In January 2018, 100 French women sign an open letter in Le Monde denouncing #MeToo, arguing that ‘what began as freeing women up to speak has today turned into the opposite—we intimidate people into speaking “correctly”, shout down those who don’t fall into line, and those women who refused to bend are regarded as complicit and traitors’.
In August 2018, a bill on sexual violence is brought before the French national assembly. The legal age of consent of 15 is voted into law. A clause bringing in statutory rape of a minor is voted down.
In April, the Pulitzer Prize winning author Junot Diaz publishes a searing essay in the New Yorker about his experiences as a victim of sexual assault at young age. He writes in his essay of the dreams he had in the years after the assault, saying they were often ‘so upsetting that I would bite my tongue, and the next morning I’d spit out blood into the bathroom sink’.
In May, writer Zizi Clemmons accuses Junot Diaz of ‘forcibly’ kissing her when she invited him to speak at a workshop. Other allegations follow, and the literary world is shaken by the controversy. Clemmons accuses Diaz’s agent Nicole Aragi of protecting her client to the detriment of women he has hurt.
Total print sales of Diaz’s books drop nearly 85% in the seven months after reports against him.
In 2019, the Dean of Humanities at Yale removes David Foster Wallace from her class reading list, citing stories of abuse perpetrated by him, among other reasons. She replaces her session on his work with a class on graphic novelist Alison Bechdel.
On 2 January 2020, leading French publishing director Vanessa Springora publishes her
memoir, Le Consentement. It details how Gabriel Matzneff seduced her when he was 50 and she 14. She recalls realising that she was one of many victims when reading his books, which she describes as being ‘populated by other 15-year-old Lolitas’.
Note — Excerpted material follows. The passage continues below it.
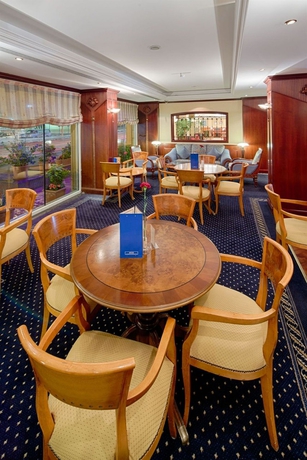 Imagen del bar/restaurante del Hotel Riviera Dubai. Foto 4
On 7 January, top French publishing house Gallimard announces that it is cancelling the publication of Matzneff’s latest work. His two other publishers drop him. The government withdraws the prestigious lifetime stipend it provides Matzneff. The Culture Ministry begins re-examining two state honours conferred on him in the 1990s.
On 15 January, Springora appears on French television programme, La Grande Librairie. The goal of her memoir, she says, is ‘to lock [Matzneff] up in a book, to catch him in his own trap, because that’s what he did to me and […] so many young girls’.
On 11 February 2020, a New York Times reporter tracks down Matzneff in a café he mentions in his books. He says he feels like ‘a dead man walking’. It is not an admission of wrongdoing: ‘Who are they to judge? These associations of the virtuous, how do they sleep, what do they do in bed, and who do they sleep with, and their secret, repressed desires?’
On 12 February 2020, Gabriel Matzneff is charged in a Paris court with promoting the sexual abuse of children. Matzneff, who has been hiding in the Italian Riviera, does not appear at court.
In September 2021, Matzneff’s trial will begin. While the statute of limitations is believed to have expired in the case involving Springora, Matzneff could face additional criminal charges for other sex acts with minors. Prosecutors are now actively searching for victims to come forward. The trial will also investigate the role of those who published his books and promoted his career, an implicit indictment of the elite that furthered Matzneff’s career and smothered the voices of those who dared to speak out.